Exhibition Name: Half-Iron Man
Artists: Jiang Xiaoyu
Opening: 2025/09/19 4:00pm
Exhibition Date: 2025/09/19-11/01 (Weds. - Sat. 11:30-18:00, Sun. - Tues. By Appointment: suhe@shanghartgallery.com)
Location: ShanghART SUHE 204, 30 Wen'an Road, Jing'an, Shanghai
Intro Text:
ShanghART Gallery is pleased to announce Half-Iron Man, a solo exhibition by Jiang Xiaoyu, on view at ShanghART SUHE Space, Shanghai, from September 19 to November 1, 2025.
Presenting the artist’s most recent works from the past two years, the exhibition envisions half-human, half-mechanical figures as a means of probing the existential predicaments and psychic landscapes of the individual within contemporary social systems. Drawing imagery from everyday snapshots, cinematic fragments, and news media, Jiang disassembles and reconfigures visual material into unsettling portraits and contorted bodies. In his paintings, these bodily distortions resemble fields of warped reality generated by the artist’s psychic will, evoking a distinctly Kafkaesque sense of disquiet.

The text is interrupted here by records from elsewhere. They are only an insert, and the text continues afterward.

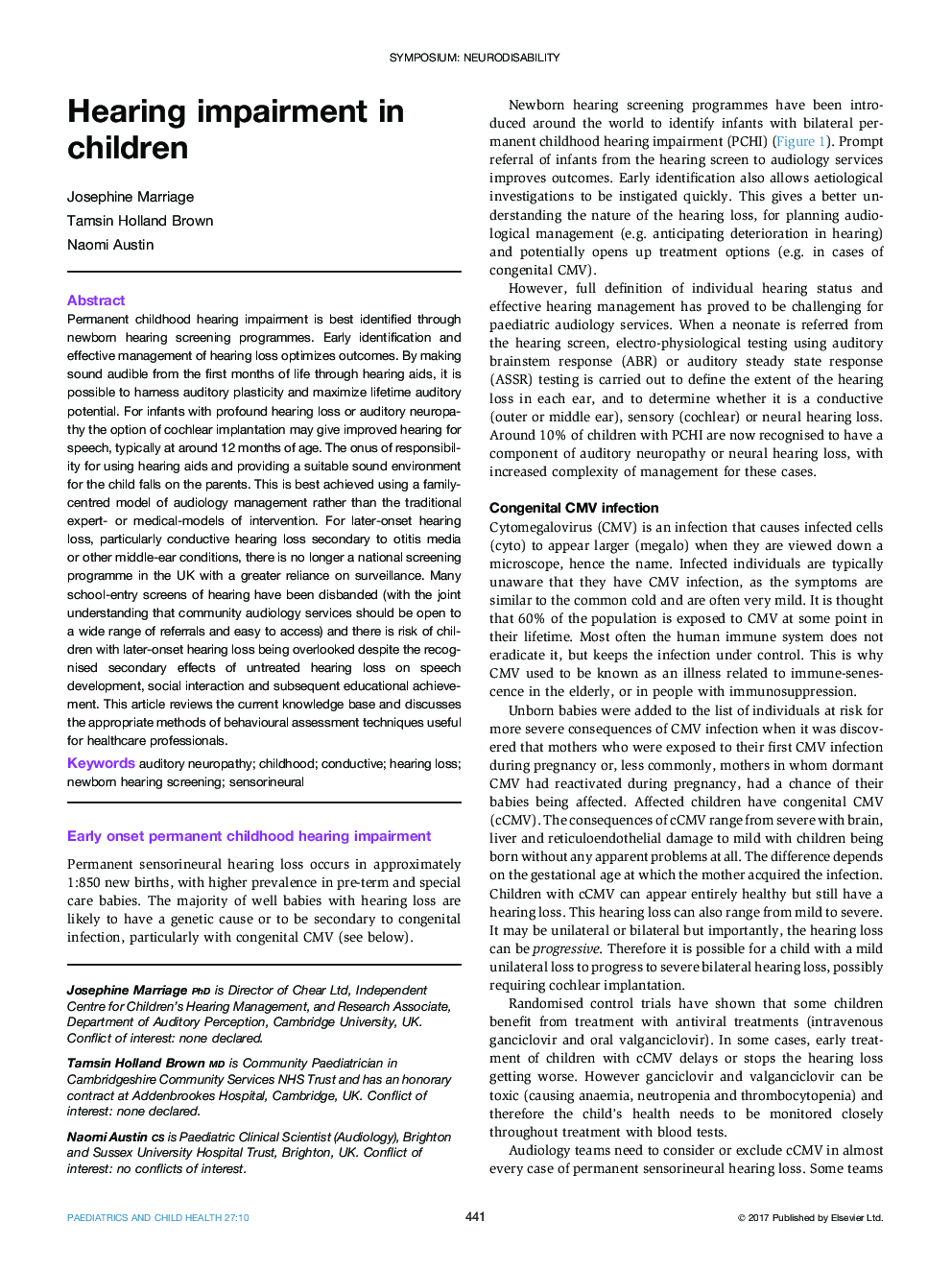 Symposium: neurodisabilityHearing impairment in children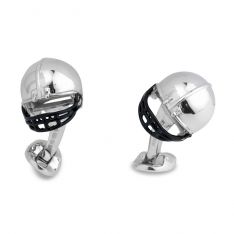 Sterling Silver American Football Helmet Cufflinks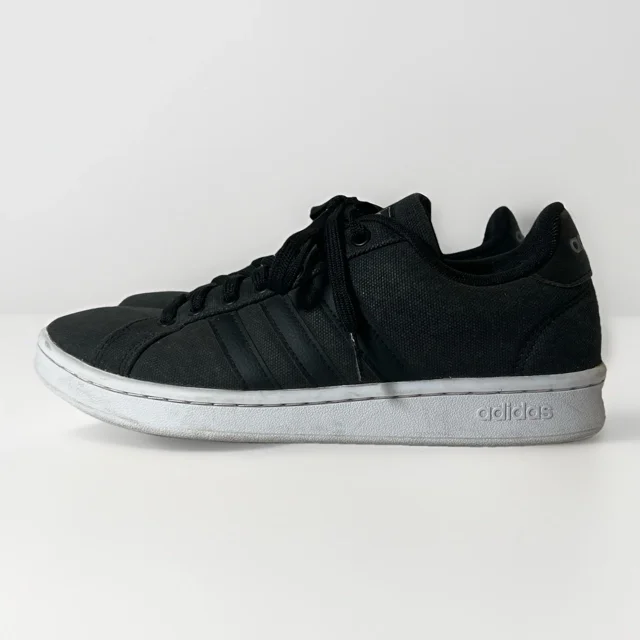 Ad-id-as Grand Court EH0632 Men's Size 8 Black Cloudfoam Comfort Sneakers Trainers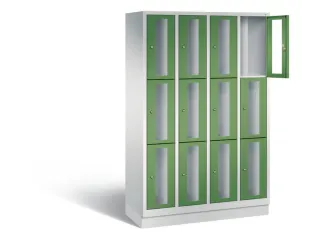 Lockerkast 1800x1190x500mm 4x3 vakken Cilinderslot, Sokkel, RAL6011 - 1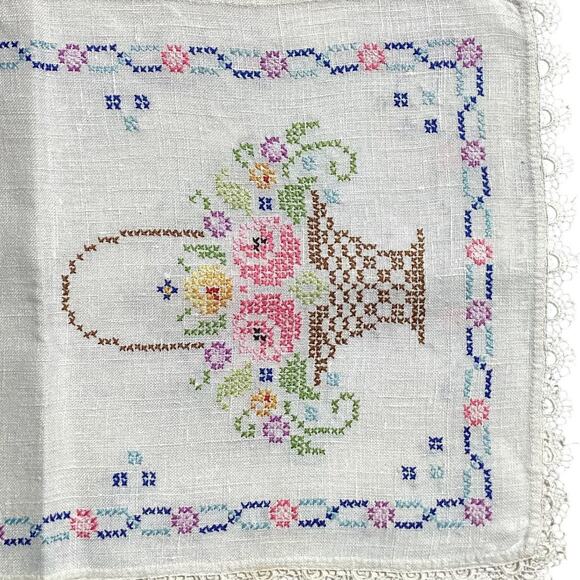 Vintage 40"x12" Hand-Stitched Needlework Tablecloth/Runner Flower Basket w/Trim - Picture 7 of 8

Continuing his sustained focus on the fate of the individual under the conditions of the present age, Jiang’s works reflect both his acute observations of, and his perspective on, the objective world. What follows is the artist’s own text, Half-Iron Man—a humorous yet incisive reflection that offers a glimpse into his inner world and the painterly logic that animates his practice.
Half-Iron Man
2025.8.29
Each time an exhibition approaches, I am overcome by a sense of inadequacy. Naming the show, drafting the text—I labor over them endlessly, convinced I’ve found the right title, only to revise the essay a dozen or more times. Yet when I discuss it with friends, the flaws become glaring: contrived arguments, gaps everywhere.
A friend says, “You’re a painter. Why entangle yourself with talk of dark matter and dark energy, or speculation about science fiction, reality, violence, and systems? Those are not your strengths. Your art is rooted in intuition—just speak from your feelings.”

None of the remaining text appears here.